I quit my job at the end of January (around the 27th) and now that it is March 19, I just discovered that my insurance was cancelled on 3/1. I had always planned on continuing coverage through COBRA, but I never received any information on it. I called my former employer, Pearson VUE, who told me that they notify employees about COBRA through some 3rd party called "Benefit Concepts". They told me that COBRA information was sent to me yesterday. My question is very simple...I would like to know if it is legal and/or common practice for an employer to terminate insurance before I officially receive COBRA info? Shouldn't I have at least been notified that I was cancelled? I understand that I am still eligible for COBRA, and when I do sign up, coverage will be retroactive to 3/1, but if I need medical treatment tomorrow, why should I have to pay out of my own pocket and then get reimbursed? At the very least this is morally wrong, but I would like to know if Pearson has broken the law. I am very upset that my insurance was cancelled without my notification. THIS IS WRONG!
 


cbg

I'm a Northern Girl
It is absolutely legal and entirely common for an employer to cancel coverage before you receive the COBRA info.

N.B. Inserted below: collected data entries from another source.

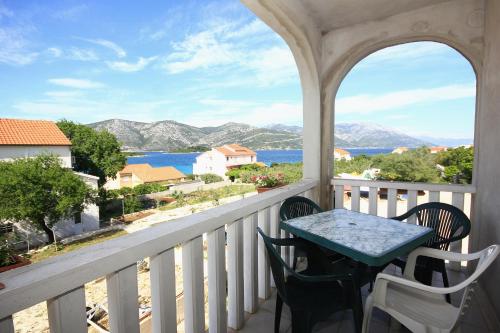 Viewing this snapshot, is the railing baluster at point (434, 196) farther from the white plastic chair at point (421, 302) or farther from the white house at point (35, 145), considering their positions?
the white house at point (35, 145)

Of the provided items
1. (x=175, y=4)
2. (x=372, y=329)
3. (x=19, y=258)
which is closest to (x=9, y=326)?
(x=19, y=258)

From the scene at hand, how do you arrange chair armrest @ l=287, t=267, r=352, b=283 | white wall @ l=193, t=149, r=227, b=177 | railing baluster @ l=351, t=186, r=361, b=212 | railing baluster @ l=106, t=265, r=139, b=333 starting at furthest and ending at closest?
railing baluster @ l=351, t=186, r=361, b=212 → white wall @ l=193, t=149, r=227, b=177 → chair armrest @ l=287, t=267, r=352, b=283 → railing baluster @ l=106, t=265, r=139, b=333

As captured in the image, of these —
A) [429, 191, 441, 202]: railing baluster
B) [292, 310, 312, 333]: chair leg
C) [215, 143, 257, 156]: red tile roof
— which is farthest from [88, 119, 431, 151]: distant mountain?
[292, 310, 312, 333]: chair leg

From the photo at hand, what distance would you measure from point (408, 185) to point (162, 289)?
2678 mm

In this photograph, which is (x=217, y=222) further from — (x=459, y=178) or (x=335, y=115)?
(x=459, y=178)

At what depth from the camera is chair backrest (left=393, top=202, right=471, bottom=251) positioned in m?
1.93

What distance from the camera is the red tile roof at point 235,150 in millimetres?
2972

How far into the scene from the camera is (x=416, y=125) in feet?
11.2

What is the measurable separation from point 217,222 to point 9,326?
2.98ft

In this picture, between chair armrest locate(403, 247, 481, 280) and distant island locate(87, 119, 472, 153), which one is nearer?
chair armrest locate(403, 247, 481, 280)

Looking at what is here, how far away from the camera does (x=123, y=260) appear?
3.00ft

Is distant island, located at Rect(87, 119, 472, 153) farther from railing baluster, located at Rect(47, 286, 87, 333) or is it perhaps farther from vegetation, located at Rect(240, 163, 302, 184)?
railing baluster, located at Rect(47, 286, 87, 333)

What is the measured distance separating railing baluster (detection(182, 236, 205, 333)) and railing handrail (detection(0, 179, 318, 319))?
0.08m

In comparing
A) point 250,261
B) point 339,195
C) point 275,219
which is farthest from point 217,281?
point 339,195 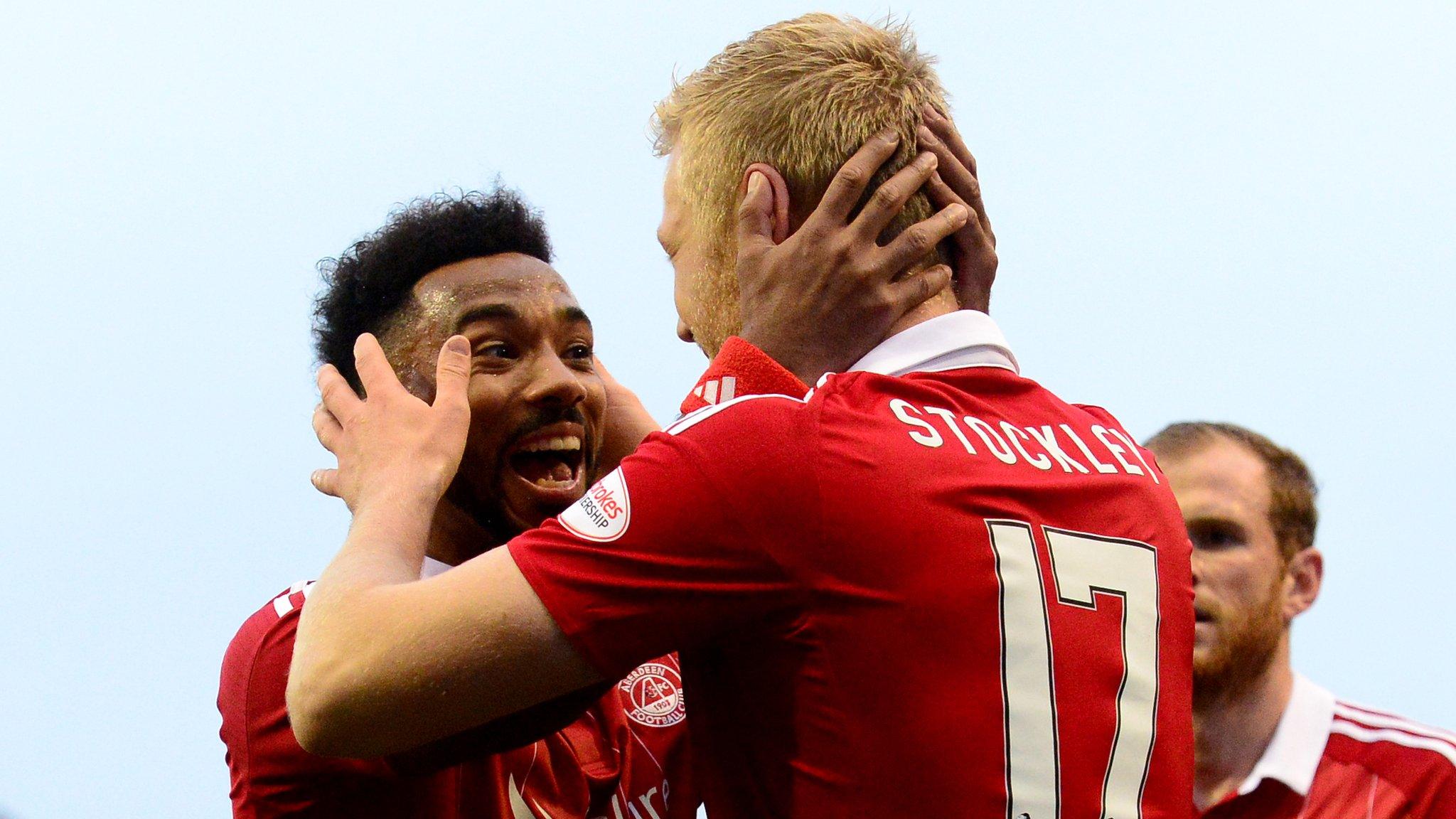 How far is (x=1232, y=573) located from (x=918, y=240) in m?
→ 2.17

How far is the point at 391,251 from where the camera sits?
10.7 ft

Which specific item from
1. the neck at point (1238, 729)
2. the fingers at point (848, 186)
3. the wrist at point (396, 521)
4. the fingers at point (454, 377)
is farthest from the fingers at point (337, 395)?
the neck at point (1238, 729)

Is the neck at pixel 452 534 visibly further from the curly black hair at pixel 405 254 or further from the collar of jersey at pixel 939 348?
the collar of jersey at pixel 939 348

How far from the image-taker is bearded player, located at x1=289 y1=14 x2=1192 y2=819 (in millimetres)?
1800

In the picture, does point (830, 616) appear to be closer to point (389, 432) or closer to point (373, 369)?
point (389, 432)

Under the law, they have up to 44 days to send you the COBRA information; you have 60 days to make your election and from the day you make your election, whatever day that is, you have 45 days to send in your first check. If they were not allowed to cancel your coverage until then, and you didn't send in your election or your check (and believe me, it happens) they could be on the hook for almost five months of claims that they'd never get paid for.

However, once you make your election and send in your first payment, coverage will be reinstated retroactively to 3/1. That is also part of the COBRA statute. So you won't have lost anything.

I hope you realize that if you quit in January and they carried your coverage until March 1, that is extremely generous and far more than they have to do.